Does this mean your instruction can’t even include topics such as sorting, measurement or geometry? Absolutely not! These topics can absolutely be folded in and used to support your instruction. They just shouldn’t be the sole focus of your instruction and you can’t get stuck in these topics at the expense of time that could be spent supporting students in understanding numbers and operations.

In this example, students are working on counting up to 5 objects with 1:1 correspondence while sorting counting bears.

It’s a “Kinder Concepts” review activity in my Kindergarten Math Intervention unit for learning numbers to 10.

While the focus is on numbers to 5 and 1:1 correspondence, students are also supporting their understanding of sorting and data!

Teach With A Pathway In Mind

Now that you have the right students working on the right standards, you need to be sure you are working with an explicit and systematic pathway in mind to get your students from where they are to where they need to be.

This means that when you choose a math topic, you want to build a deliberate and systematic pathway that builds understanding beginning with concrete and hands-on experiences and leading your students up through a more abstract level of understanding.

In this activity, you can see that students are connecting what they know about arrays to the topic of area.

There is a clear and systematic method of attaching concrete (the orange tiles) to a representative model (rectangles on graph paper) and also to the abstract concepts of arrays and area as seen in the equations recorded on the form.

Whenever you are designing your math intervention plan for instruction, keep in mind this CRA progression! All elements don’t necessarily need to be in every activity you teach but there should be an overarching pathway from concrete through to abstract across your lessons and units.

Be Explicit About Word Problems

You can’t expect to teach “naked numbers” and produce strong problem solvers. Throughout your instruction, you will need to incorporate context and word problems frequently.

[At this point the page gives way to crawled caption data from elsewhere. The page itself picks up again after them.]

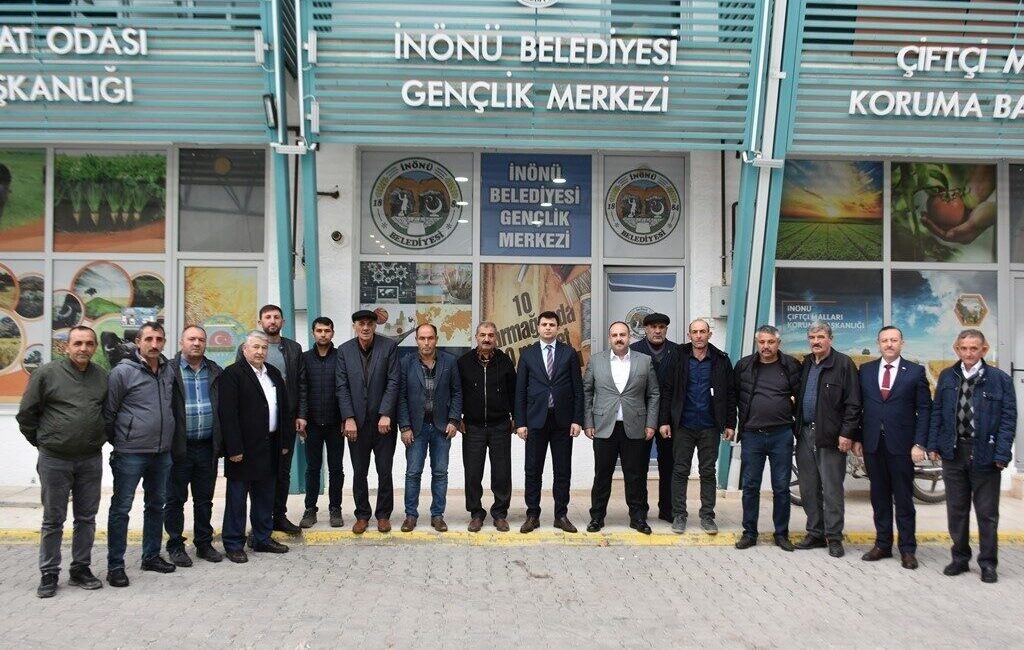 İnönü ilçesinde mahallelerin muhtarlarının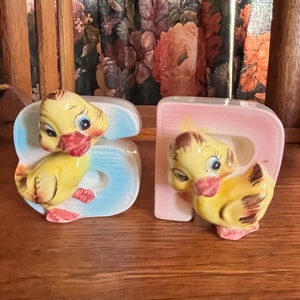 Ultra Rare Baby Enten, Entenküken, Salz- und Pfefferstreuer, hergestellt in Japan, Links Gainsboubor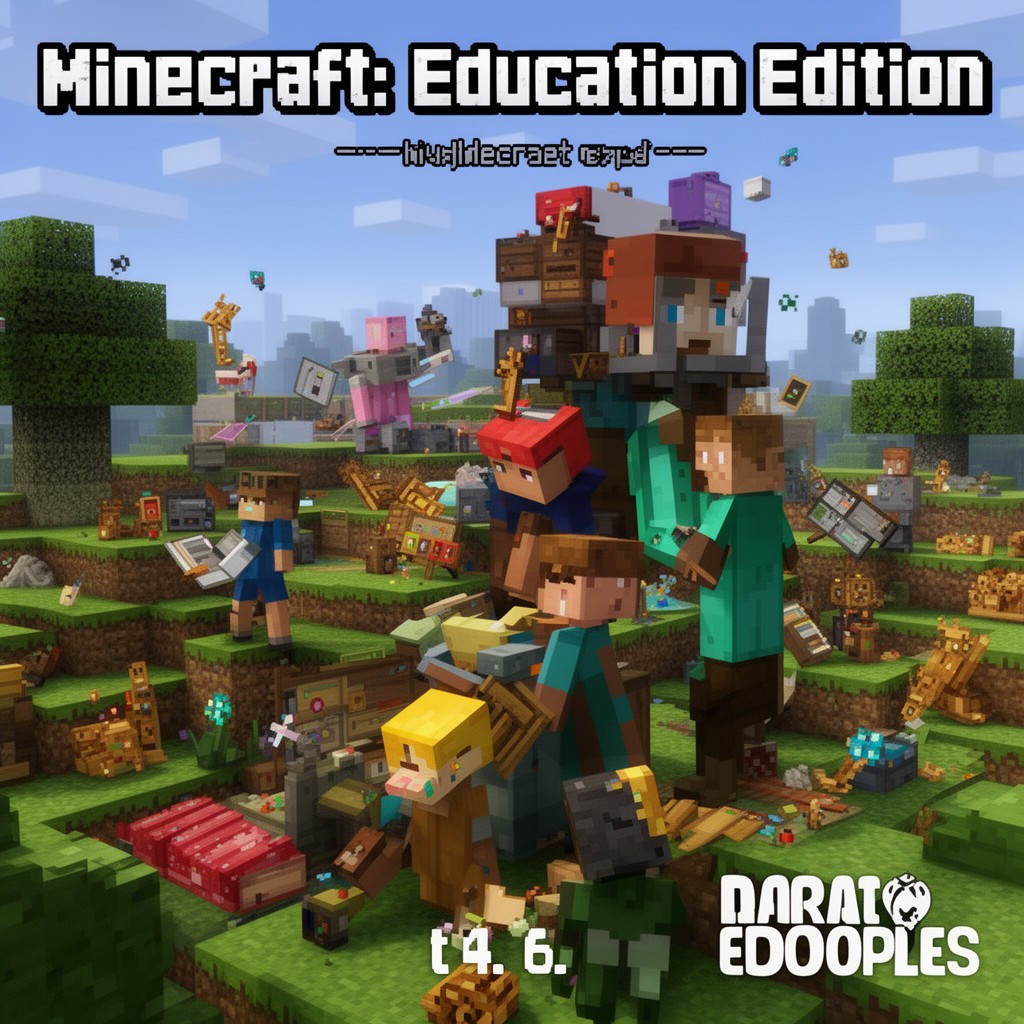 AI-generated illustration of Minecraft: Education Edition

But also, it’s important to be explicit about problem-solving strategies!

Provide your students with opportunities to interact with all appropriate word problem types through your instructions and have conversations about your students’ strategies for solving these various problems.

Word problem types are important both in terms of your instruction and assessment. So often as teachers, we lament the fact that word problems seem to be more of a “reading and comprehension” issue than a “math” issue. Recognizing word problem types can help to bridge the gap.

As a teacher, recognizing word problem types can help to determine what your students do understand and comprehend in terms of a math story and what they still need support with.

Don’t Neglect Fact Fluency

Finally, build opportunities for your students to build their fact fluency throughout your instruction. If your student was to memorize every single addition, subtraction, multiplication and division fact we are talking about over 400 individual facts.

It’s not a realistic fact fluency “strategy” to practice facts hoping that memorization will emerge.

Instead, focus on fact relationships within your instruction! If your students understand what +0 truly means, they have now mastered 20 facts from 0 + 0 to 10 + 0! Looking for opportunities to build your students’ number sense and making explicit connections between number sense and equations will support your students!

Be explicit as you assess to see exactly which number relationships and facts your students need and then introduce activities and opportunities to improve understanding of these facts and relationships!

Keep these basic components in mind and you will watch your students flourish in the year ahead!